## [Record extracts]
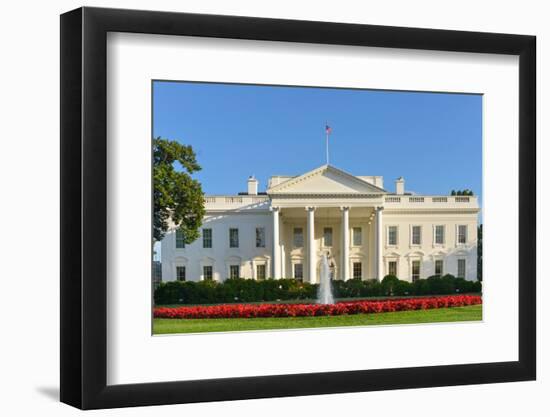 The White House - Washington Dc, United States-Orhan-Framed Photographic Print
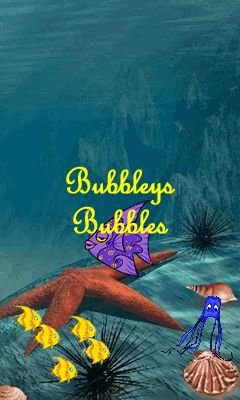game pic for Bubbleys bubbles
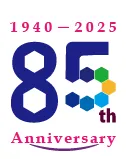 明和機工株式会社85周年ロゴ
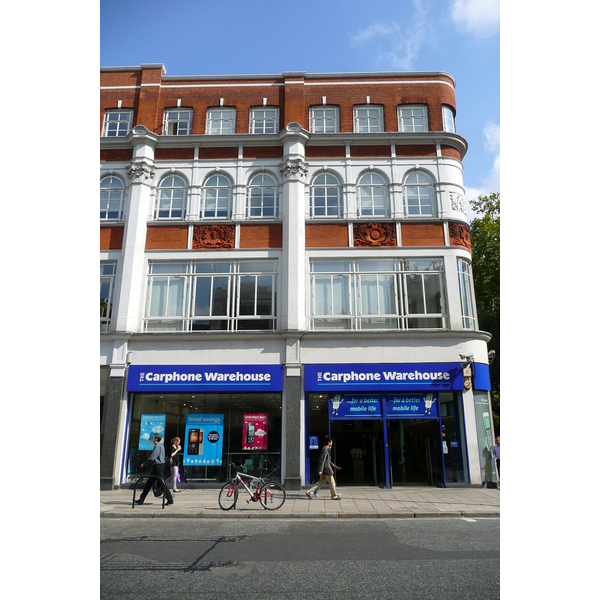 Photo Royaume-Uni Londres Tottenham Court Road 2007-09 60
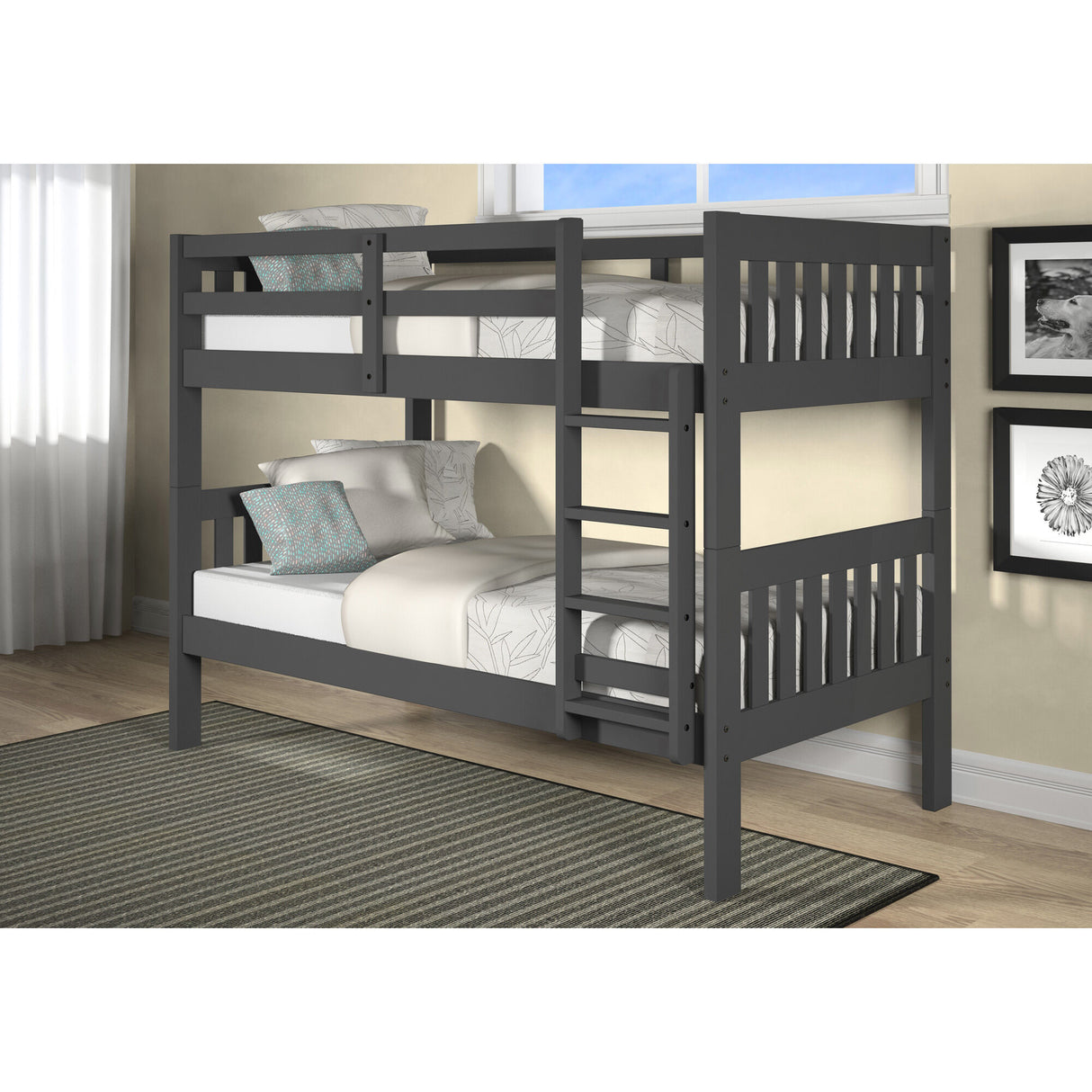 Jordan Bunk Bed - QK1064815_CAHO_LF1_RM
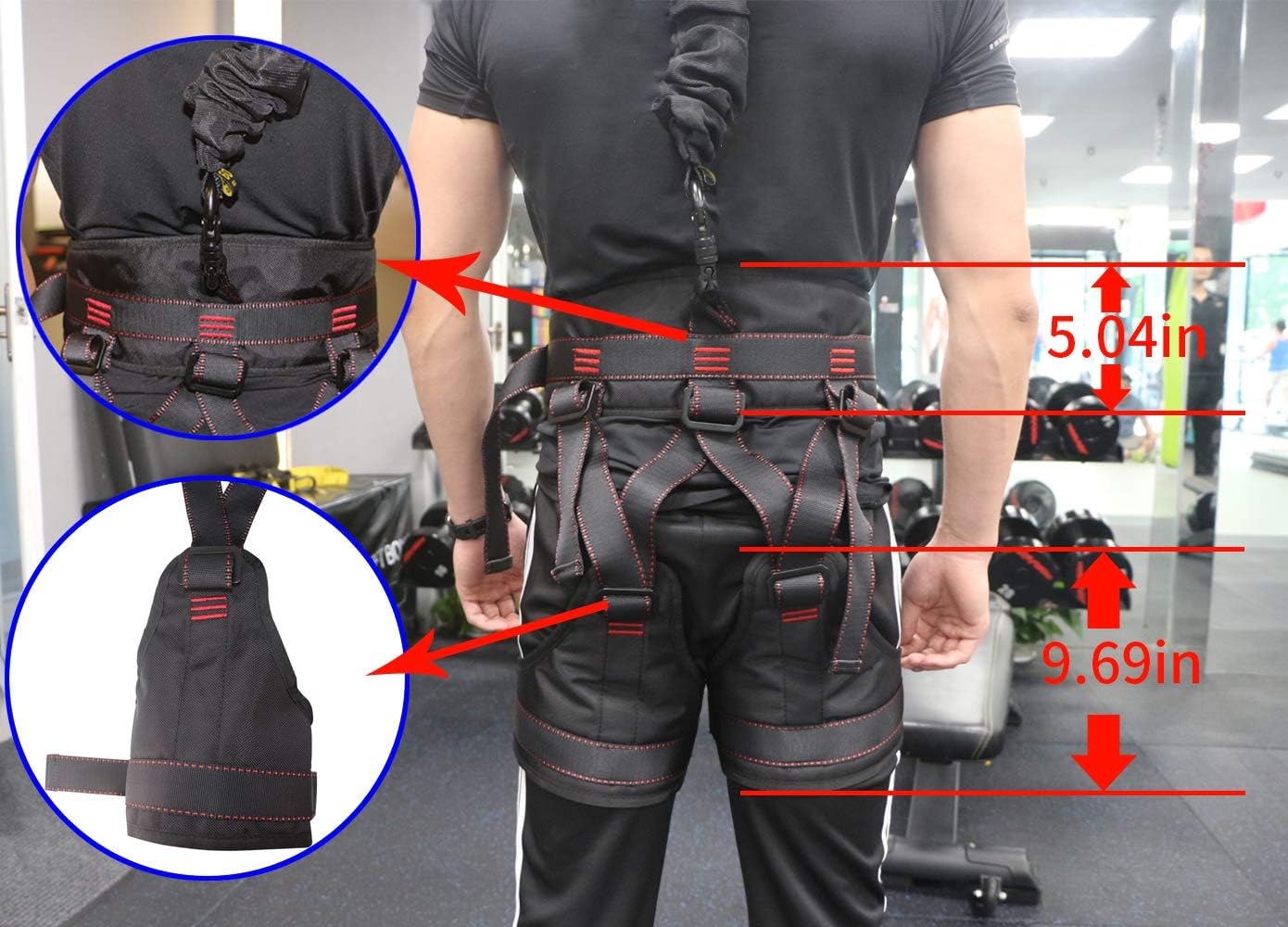Pro Yoga Resistance Band for H - Pilates Yoga Class 评论和价格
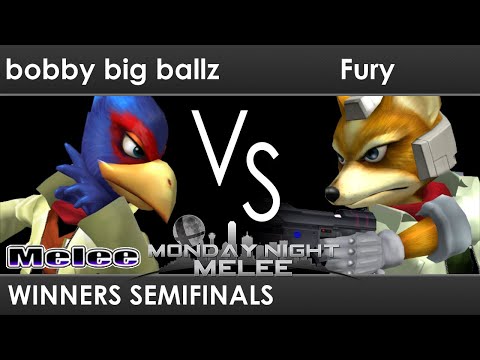 MNM 299 - bobby big ballz (Falco) VS Fury (Fox) - Winners Semifinals - SSBM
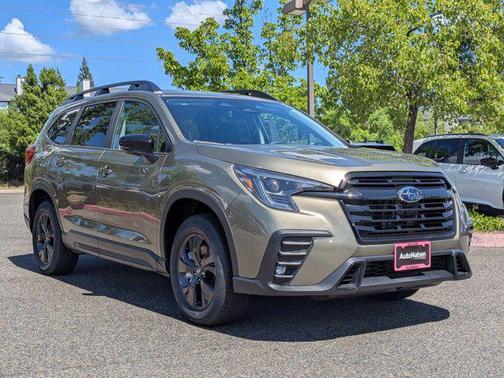 Autumn Green Metallic 2026 Subaru Ascent Premium 7-Passenger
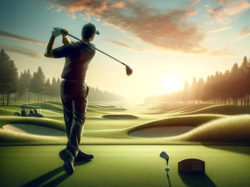 Golf Unterricht mit Edoardo Molinari: CNN Living Golf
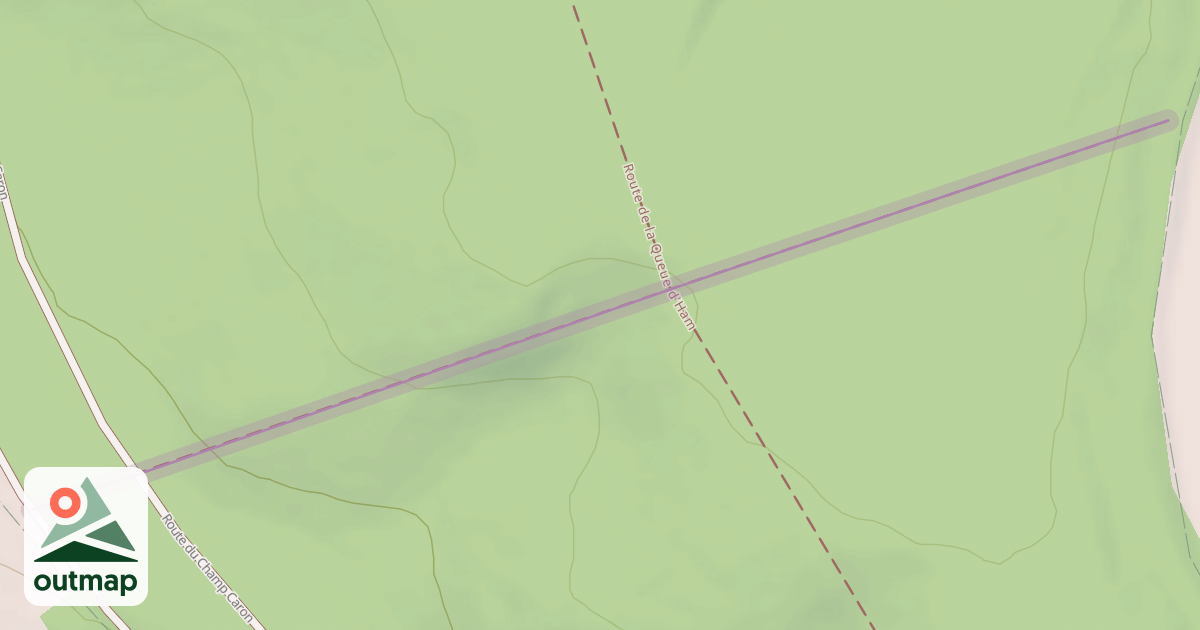 Map of Laie de la Fontaine des Graviers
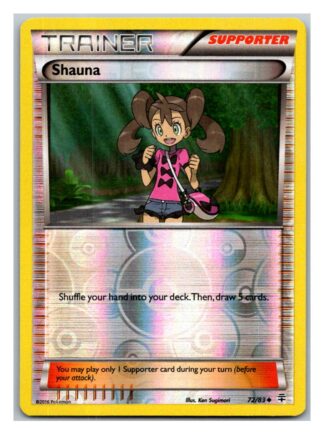 Shauna 72/83 Generations (Reverse Holo) (Exc Condition)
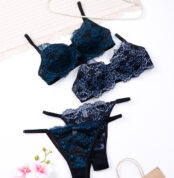 ست شورت و سوتین کاپدار گیپور فنردار میسا Misa کد 9050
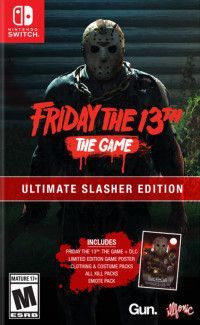  Friday the 13th: The Game Ultimate Slasher Edition   (Switch)  Nintendo Switch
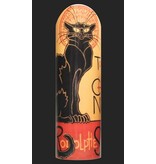 Silhouette d'Art - John Beswick Florero Le Chat Noir, Silueta De Arte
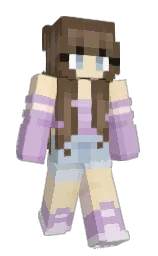 Slim Minecraft skin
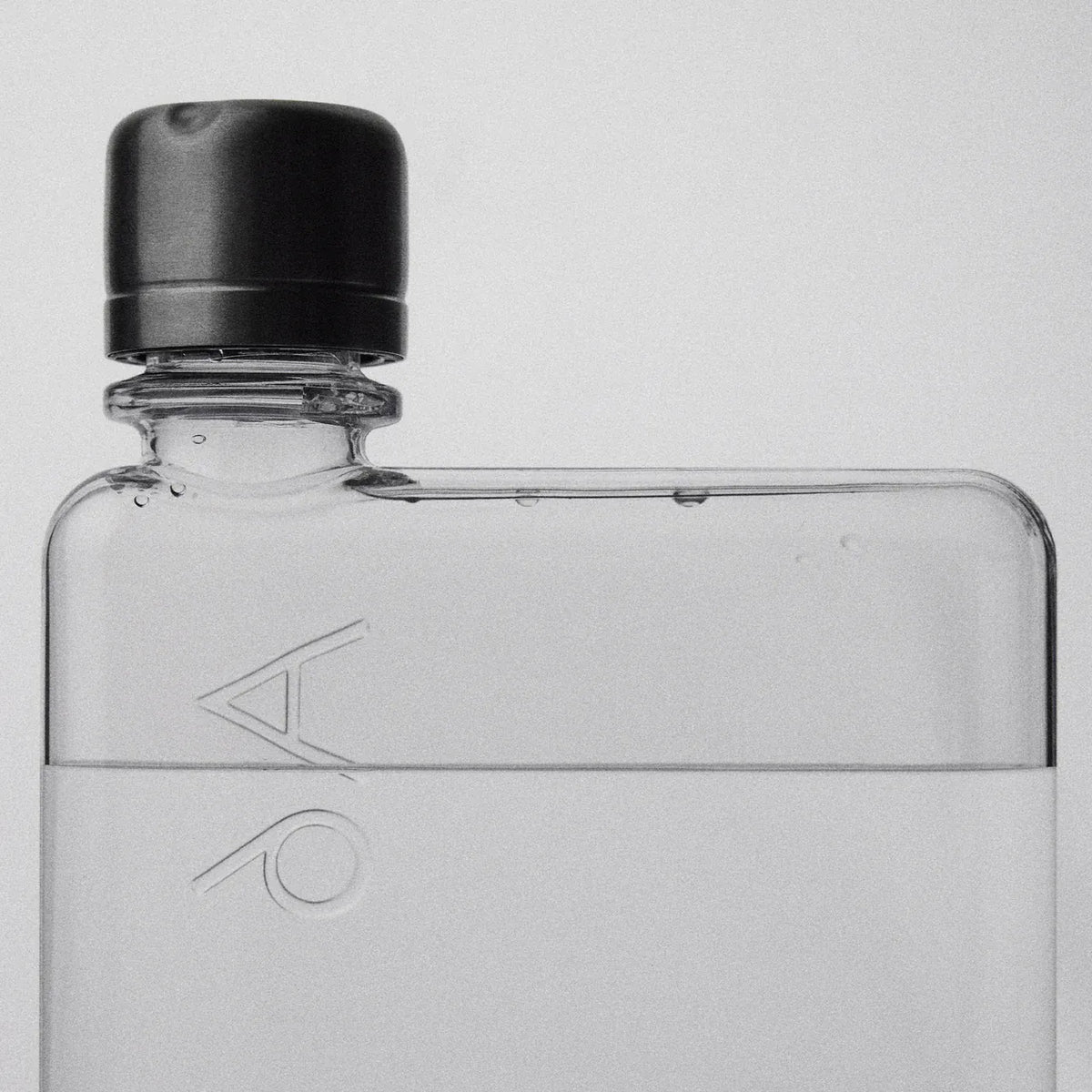 Memobottle A6 Water Bottle – Clear by Memobottle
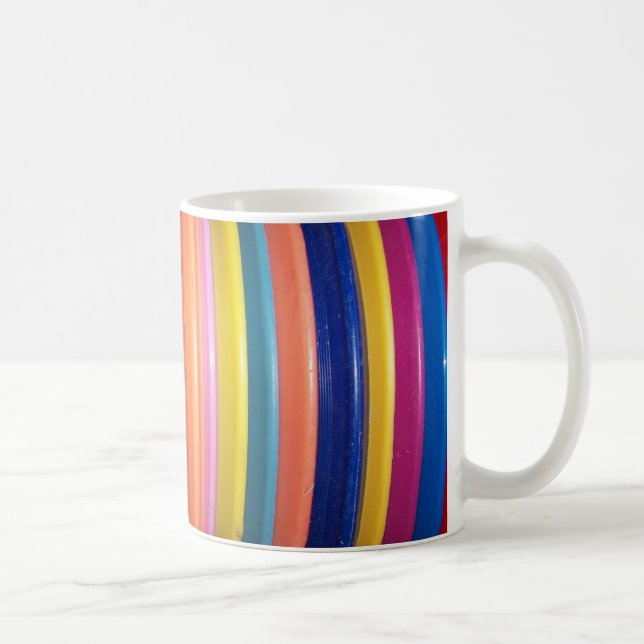 Disc Golf 010 Coffee Mug (Right)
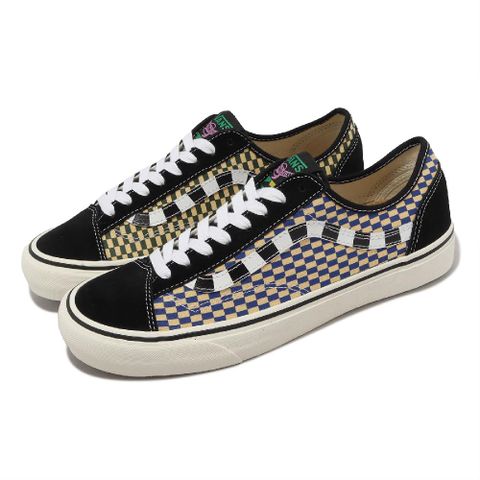 VANS 範斯 x Mami Wata Style 36 Decon Vr3 SF 格紋 聯名 休閒鞋 男鞋 VN0007R2CRM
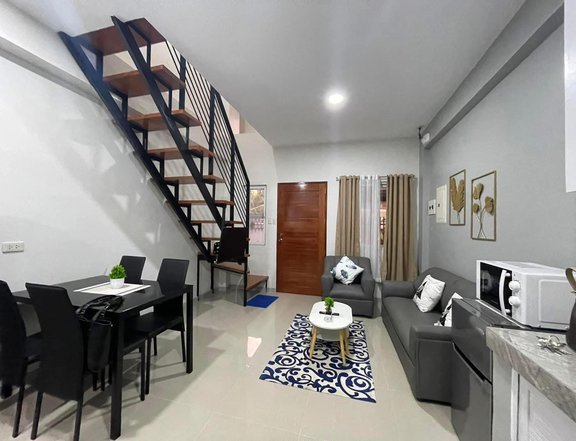 Fully Furnished 2-bedroom townhouse in Naga City Proper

## [What needs to be done]
Return verbatim every line from the one holding "Slim Minecraft skin" to the end of the records above. Do not copy the pictures.

## [Result of the task]
 Slim Minecraft skin
 Memobottle A6 Water Bottle – Clear by Memobottle
 Disc Golf 010 Coffee Mug (Right)
 VANS 範斯 x Mami Wata Style 36 Decon Vr3 SF 格紋 聯名 休閒鞋 男鞋 VN0007R2CRM
 Fully Furnished 2-bedroom townhouse in Naga City Proper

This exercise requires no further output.